Queen’s Speech: Eight bills proposed to prepare Whitehall for Brexit as union slams government's failure to end pay cap

Britain's departure from the EU dominates as a number of Conservative manifesto pledges are dropped from legislative programme

Photo: PA

By Richard Johnstone

21 Jun 2017

The Queen’s Speech has set out plans for legislation to develop new customs, trade, immigration and environmental policies to prepare government for the UK’s exit from the European Union.

In the speech to mark the state opening of parliament – following the snap election at which the Conservatives lost their majority but remained the largest party – the Queen said the government’s priority would be to secure the best possible deal as the country leaves the EU.


In addition to the planned Repeal Bill, which will revoke the European Communities Act and place existing EU law into UK statute, legislation will also be introduced for new national policies on immigration, nuclear safeguards, agriculture, and fisheries, as well as trade and customs arrangements and international sanctions.

Brexit plans make up the bulk of the 27-bill programme, but legislation is also proposed for a new data protection regime, as well as for promoting the development of automated and electric vehicles and commercial satellites and the next stage of the High Speed 2 rail line.

However, a number of high-profile Conservative party election pledges, including the plan to reform social care funding and proposals to expand the number of grammar schools, were not included.

Under the controversial care reform plans in the Conservative manifesto, payment for residential or at-home social care would come from people’s estates until they were down to their last £100,000 in assets.

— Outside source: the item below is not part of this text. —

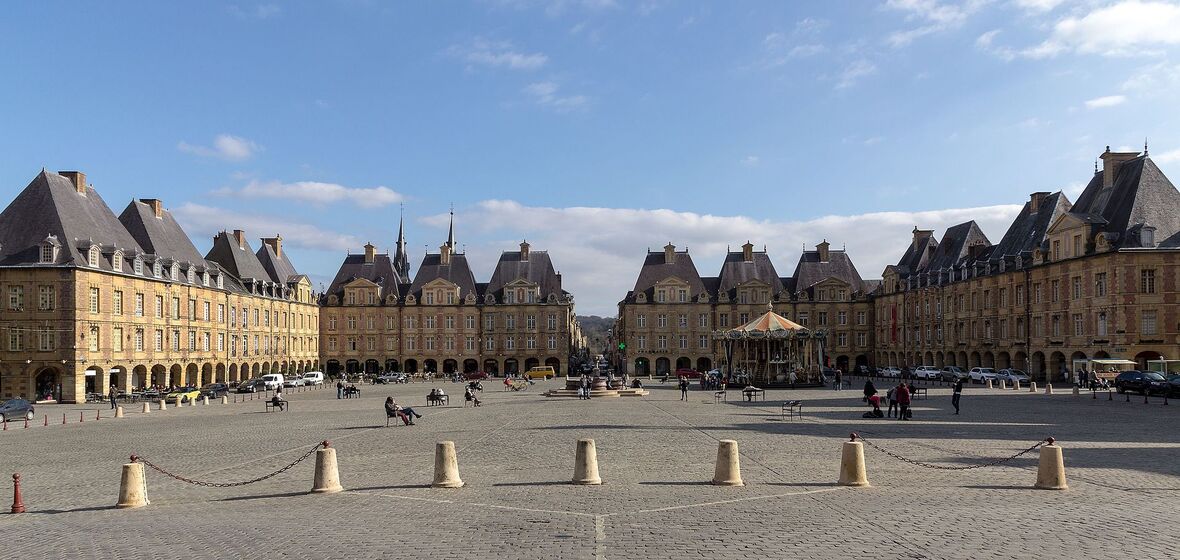 Foto von Charleville-Mezieres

The speech only said that the government would bring forward plans for consultation.

Legislation around Brexit is therefore expected to take up most of the parliamentary session, which has been doubled in length to allow the bills to be passed alongside the Article 50 negotiations with the EU over exit terms.

The government said the repeal bill will allow for a smooth and orderly transition as the UK leaves the EU, as well as creating temporary powers to replicate frameworks created by EU law in UK law and secondary legislation to correct laws affected by EU membership.

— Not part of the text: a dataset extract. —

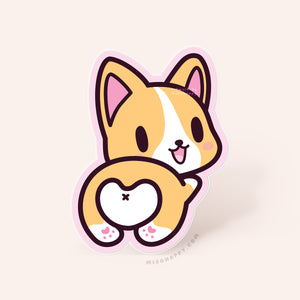 Corgi Butts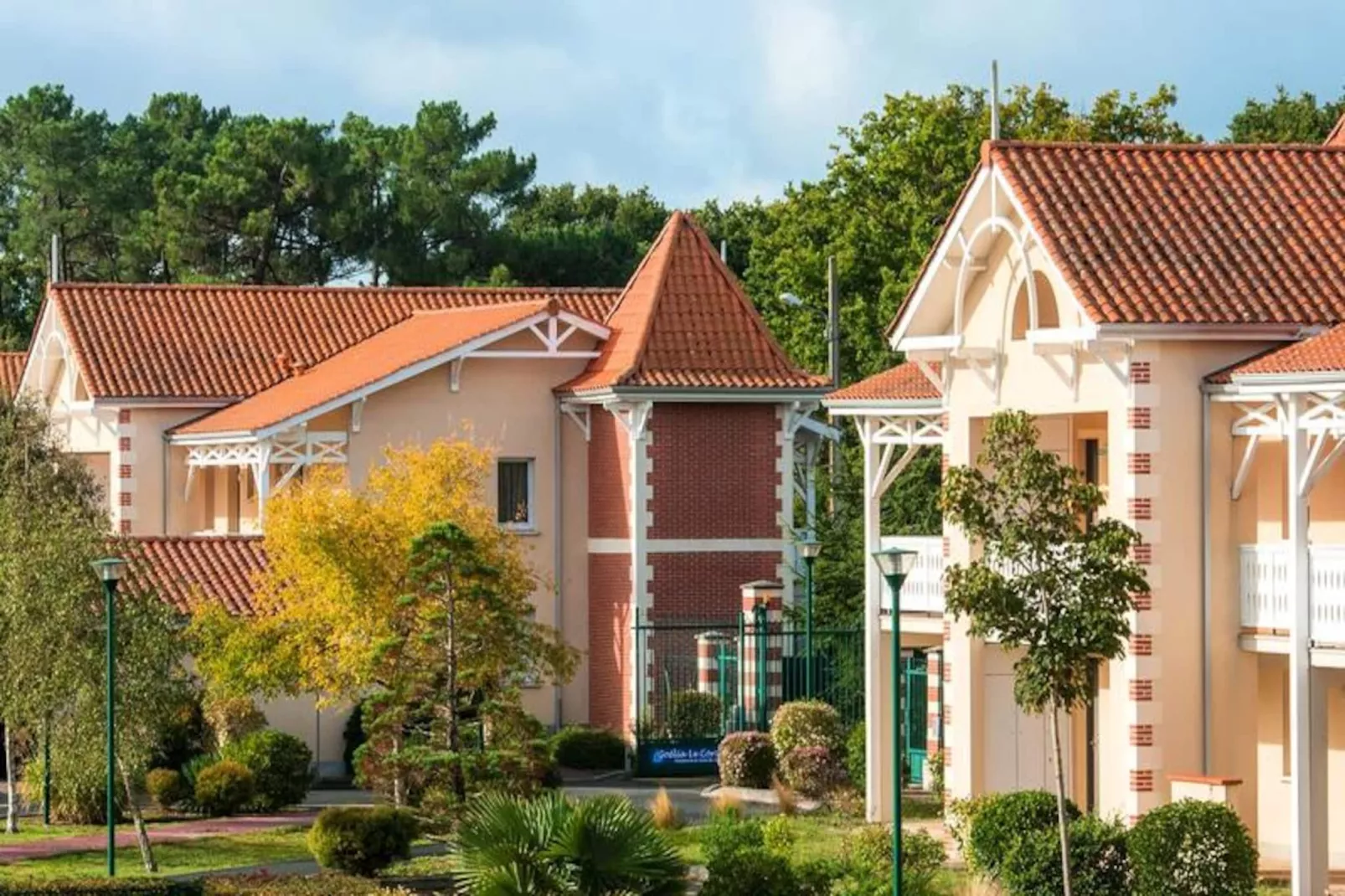 Résidence Goélia Le Cordouan*** - Niet-getagd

Ministers said new customs and trade arrangements would ensure the UK has a standalone policy upon exit, and would also put in place new powers concerning the immigration status of European nationals.

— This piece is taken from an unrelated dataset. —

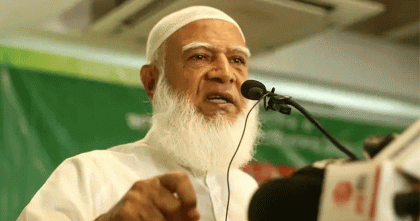 ভূমিকম্পে হতাহতের ঘটনায় জামায়াত আমিরের শোক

According to its Queen's Speech briefing, the government will be able to control the number of people coming to the UK from Europe, as well as making the migration of EU nationals and their family members subject to relevant UK law.

Responding to the speech, Public and Commercial Services union general secretary Mark Serwotka said this was “a government in denial and in name only”.

He added: “In refusing to end the public sector pay cap, the Tories are showing contempt for public servants who have suffered seven years of wage cuts. And more resources are urgently needed after more than 100,000 civil service jobs have been cut since 2010.

“Having lost her majority in a snap election that she called, Theresa May is leading a government that has no mandate and no authority.”